• To do: Set down, please, exactly the lines below that run from the line with "Rickie Lee Jones" to the line with "ダン・ラベニール　北新宿", both lines included.
• • • •
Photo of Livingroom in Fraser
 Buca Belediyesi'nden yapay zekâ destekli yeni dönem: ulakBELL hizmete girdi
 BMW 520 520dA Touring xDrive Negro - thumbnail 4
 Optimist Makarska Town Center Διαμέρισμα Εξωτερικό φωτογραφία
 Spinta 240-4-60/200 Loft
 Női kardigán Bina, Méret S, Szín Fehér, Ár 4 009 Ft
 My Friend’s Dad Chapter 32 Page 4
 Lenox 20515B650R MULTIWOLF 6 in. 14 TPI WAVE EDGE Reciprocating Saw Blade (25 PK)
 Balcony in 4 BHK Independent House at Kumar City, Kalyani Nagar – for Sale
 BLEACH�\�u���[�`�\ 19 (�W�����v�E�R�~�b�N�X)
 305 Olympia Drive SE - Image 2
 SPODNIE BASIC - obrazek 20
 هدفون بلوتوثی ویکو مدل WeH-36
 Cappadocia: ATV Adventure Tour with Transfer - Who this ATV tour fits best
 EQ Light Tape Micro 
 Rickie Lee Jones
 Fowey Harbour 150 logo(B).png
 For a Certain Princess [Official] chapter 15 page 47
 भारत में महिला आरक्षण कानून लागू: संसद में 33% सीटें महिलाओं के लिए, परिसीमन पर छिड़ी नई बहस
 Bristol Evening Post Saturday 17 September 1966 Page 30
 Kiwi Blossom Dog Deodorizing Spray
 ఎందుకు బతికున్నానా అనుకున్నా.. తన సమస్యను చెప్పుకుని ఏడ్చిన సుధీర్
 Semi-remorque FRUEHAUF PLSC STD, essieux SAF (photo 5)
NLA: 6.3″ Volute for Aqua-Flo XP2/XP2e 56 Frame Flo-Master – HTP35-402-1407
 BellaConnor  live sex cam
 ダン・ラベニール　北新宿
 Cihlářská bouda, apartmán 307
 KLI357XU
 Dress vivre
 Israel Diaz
• • • •
• Solution to this exercise:
 Rickie Lee Jones
 Fowey Harbour 150 logo(B).png
 For a Certain Princess [Official] chapter 15 page 47
 भारत में महिला आरक्षण कानून लागू: संसद में 33% सीटें महिलाओं के लिए, परिसीमन पर छिड़ी नई बहस
 Bristol Evening Post Saturday 17 September 1966 Page 30
 Kiwi Blossom Dog Deodorizing Spray
 ఎందుకు బతికున్నానా అనుకున్నా.. తన సమస్యను చెప్పుకుని ఏడ్చిన సుధీర్
 Semi-remorque FRUEHAUF PLSC STD, essieux SAF (photo 5)
NLA: 6.3″ Volute for Aqua-Flo XP2/XP2e 56 Frame Flo-Master – HTP35-402-1407
 BellaConnor  live sex cam
 ダン・ラベニール　北新宿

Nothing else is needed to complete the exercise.